# Data in this exercise
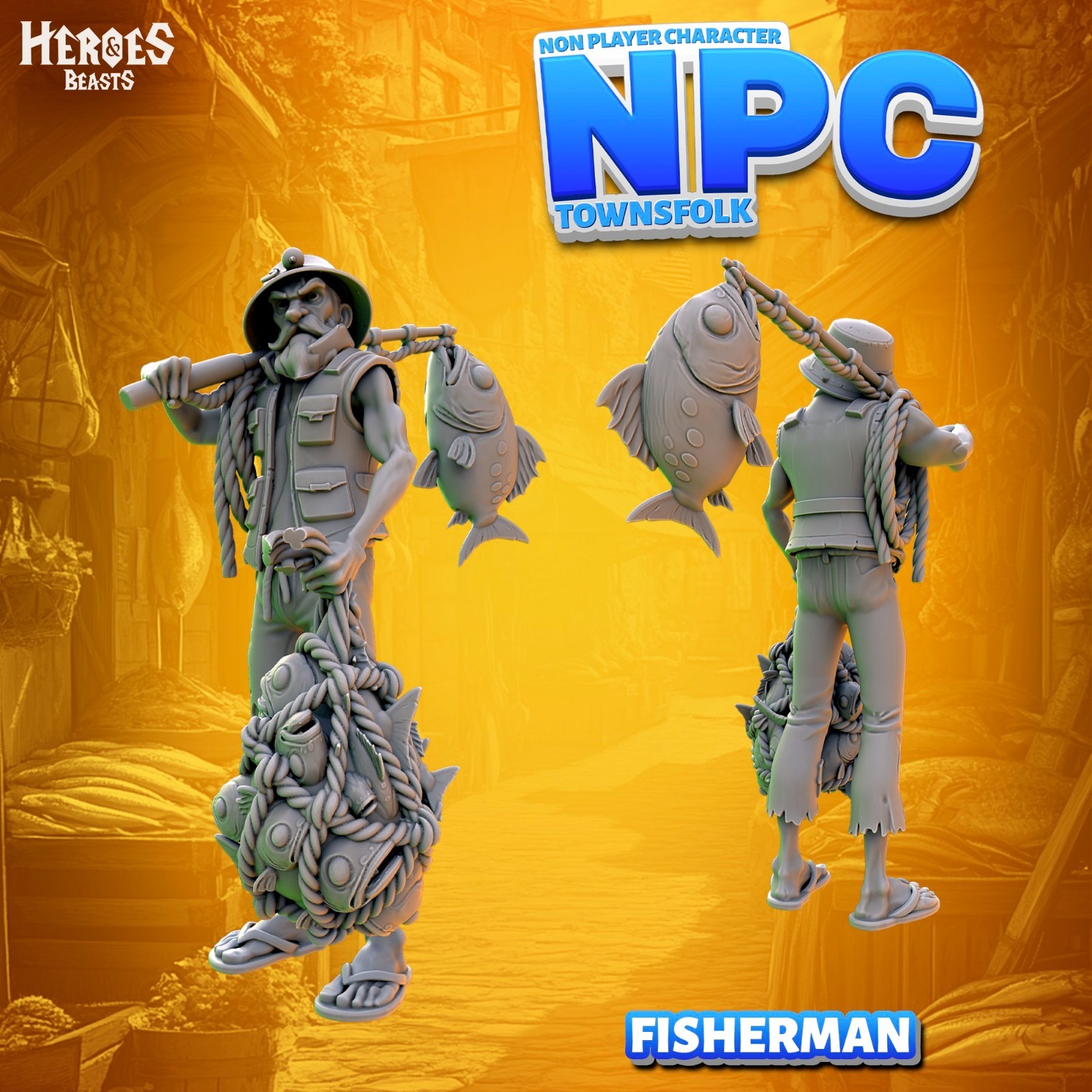 Dungeons & Dragons NPC Character - Male Human - Fisherman, Fisher, Angler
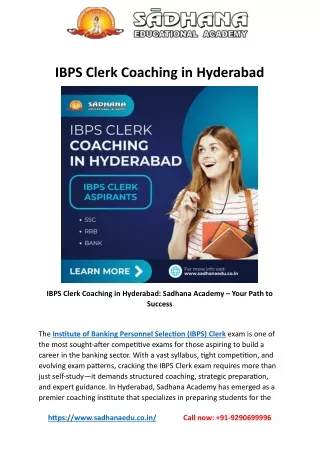 IBPS Clerk Coaching in Hyderabad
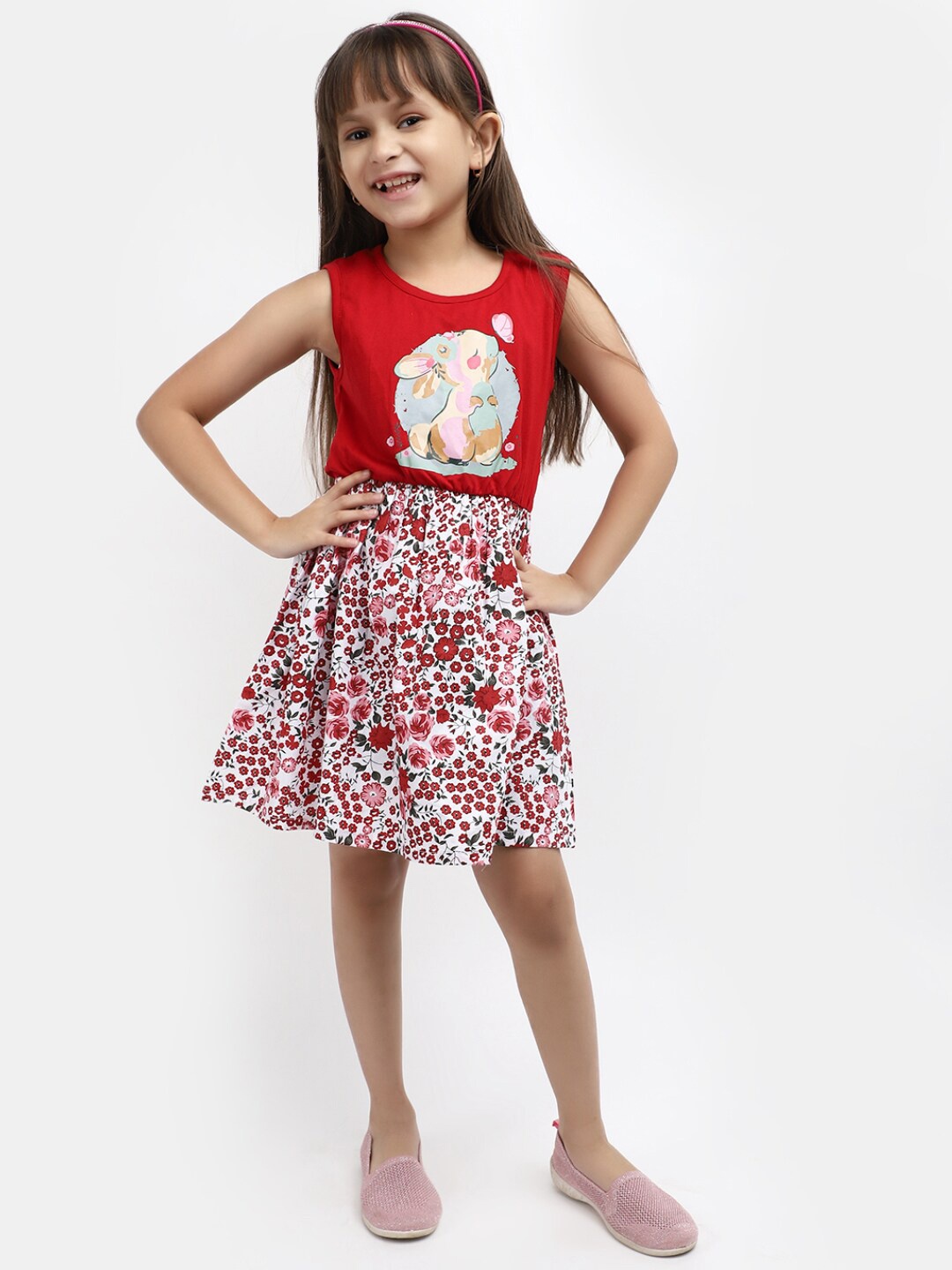 

V-Mart Girls Floral Printed Cotton Fit & Flare Dress, Pink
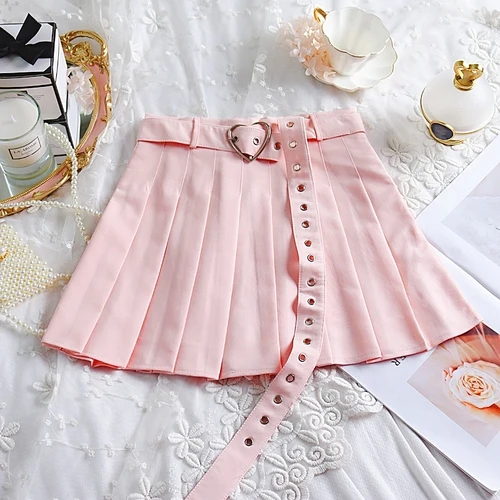 New Summer Women Pleated Skirt High Waisted Heart Shape Sashes Women Pleated Short Skirt High Quality - Цвет: Розовый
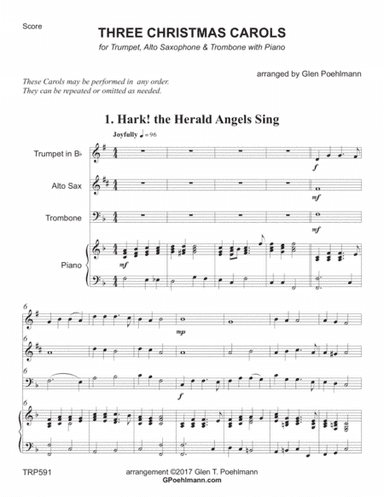 THREE CHRISTMAS CAROLS - for TRUMPET, ALTO SAX & TROMBONE with Piano (arr. Glen Poehlmann)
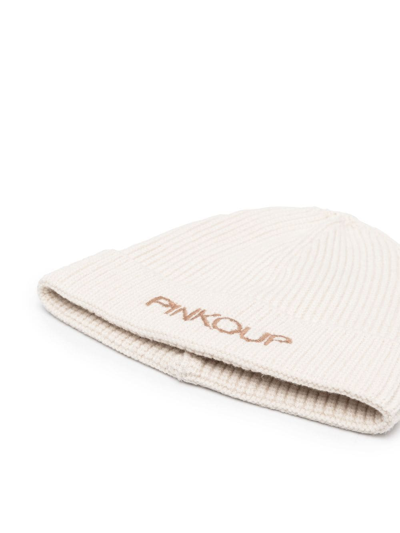 Pinko Teen Embroidered-logo Knitted Beanie In Neutrals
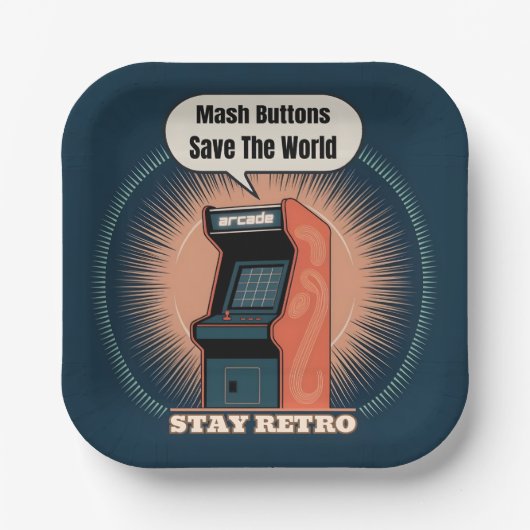 レトロ80sアーケードゲームオタク ペーパープレート (正面)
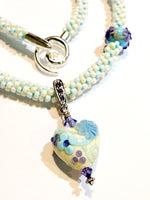 LC- Necklace with 11808305 Light Ivory w/Blue Flower Heart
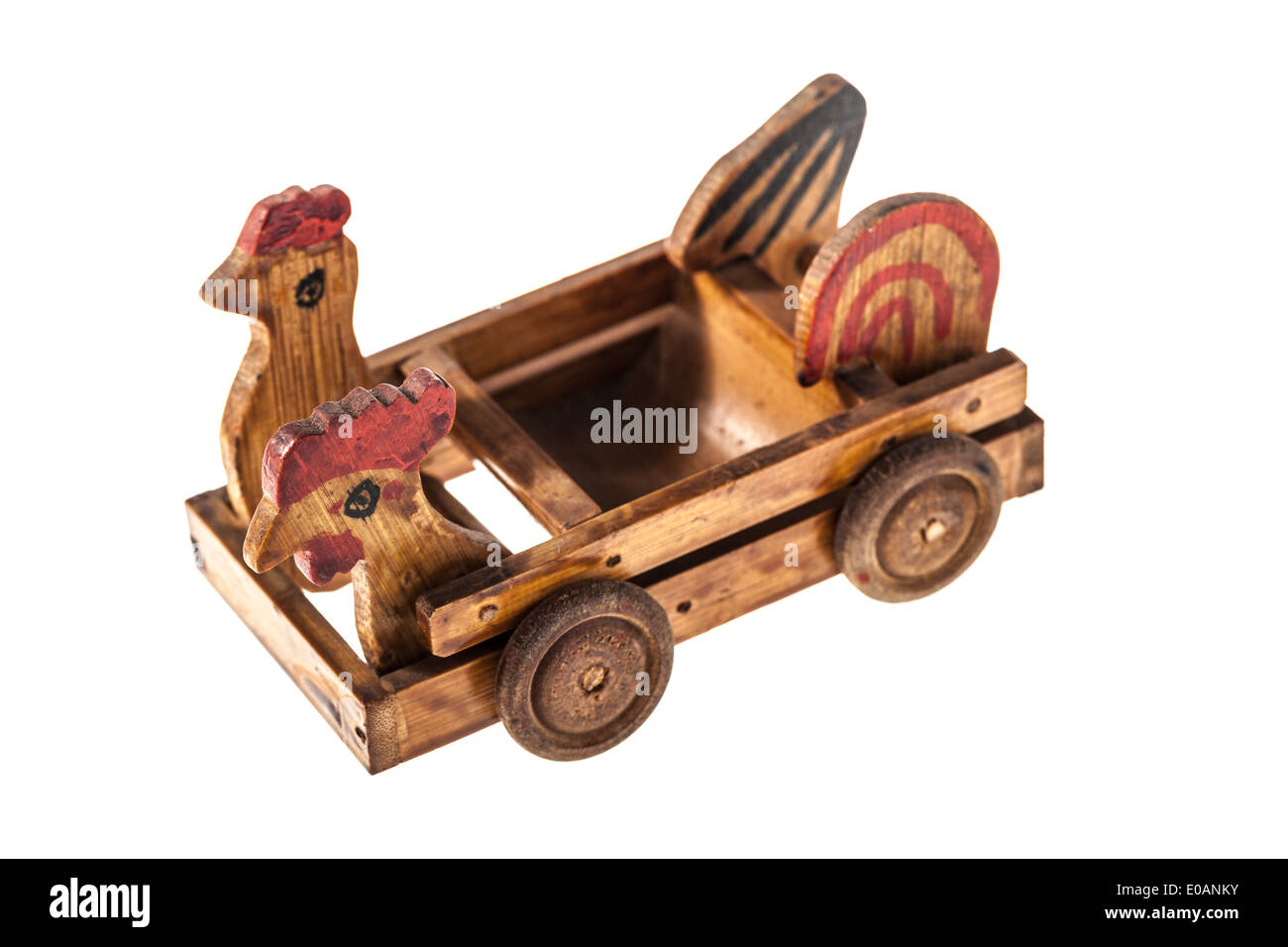 a wooden old toy car isolated over a white background Stock Photo - Alamy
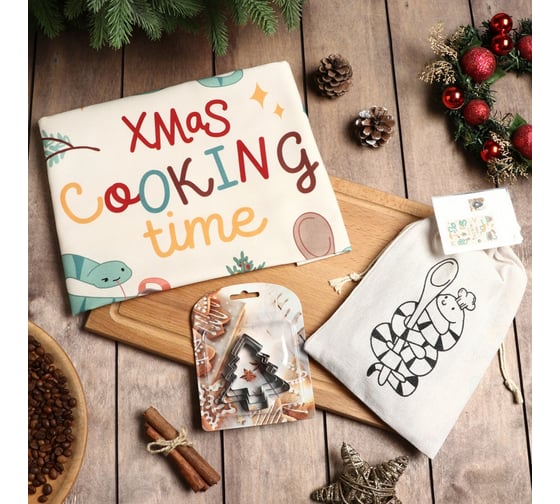 Набор полотенец Этель в мешочке Xmas cooking полотенце 40x70 см, формочки для запекания - 3 шт 10644926 1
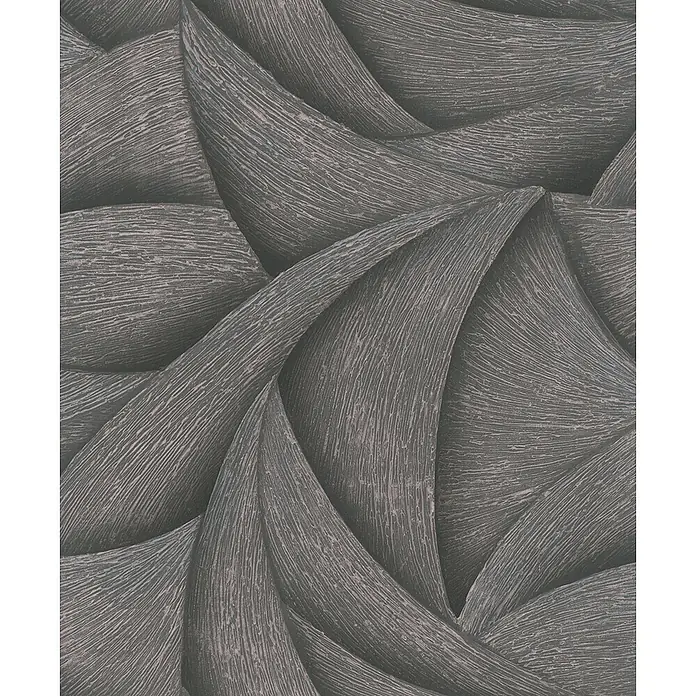 Marburg Ritus Vliestapete Grafik - Schwarz-Bronze, Grafisch, 10,05 x 0,53 m - Dunkelgraues strukturiertes Muster mit überlappenden, verwobenen abstrakten Formen.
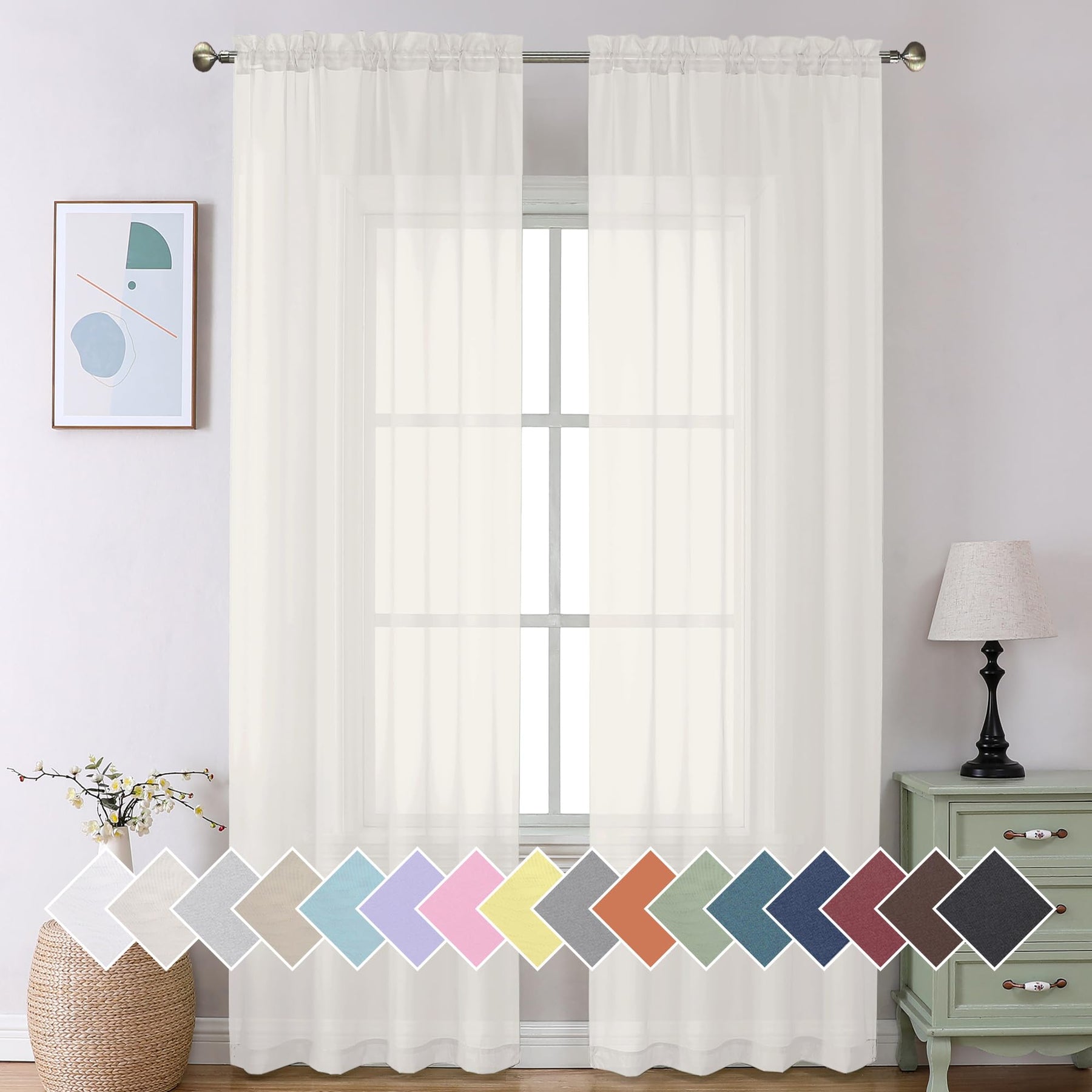 Airy Sheer Voile Curtains Set for Living Room & Bedroom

# Exercise brief
Your copy should match every record exactly and contain no pictures.

# Reply
 Dungeons & Dragons NPC Character - Male Human - Fisherman, Fisher, Angler
 IBPS Clerk Coaching in Hyderabad

V-Mart Girls Floral Printed Cotton Fit & Flare Dress, Pink
 New Summer Women Pleated Skirt High Waisted Heart Shape Sashes Women Pleated Short Skirt High Quality - Цвет: Розовый
 THREE CHRISTMAS CAROLS - for TRUMPET, ALTO SAX & TROMBONE with Piano (arr. Glen Poehlmann)
 Pinko Teen Embroidered-logo Knitted Beanie In Neutrals
 レトロ80sアーケードゲームオタク ペーパープレート (正面)
 LC- Necklace with 11808305 Light Ivory w/Blue Flower Heart
 a wooden old toy car isolated over a white background Stock Photo - Alamy
 Набор полотенец Этель в мешочке Xmas cooking полотенце 40x70 см, формочки для запекания - 3 шт 10644926 1
 Marburg Ritus Vliestapete Grafik - Schwarz-Bronze, Grafisch, 10,05 x 0,53 m - Dunkelgraues strukturiertes Muster mit überlappenden, verwobenen abstrakten Formen.
 Airy Sheer Voile Curtains Set for Living Room & Bedroom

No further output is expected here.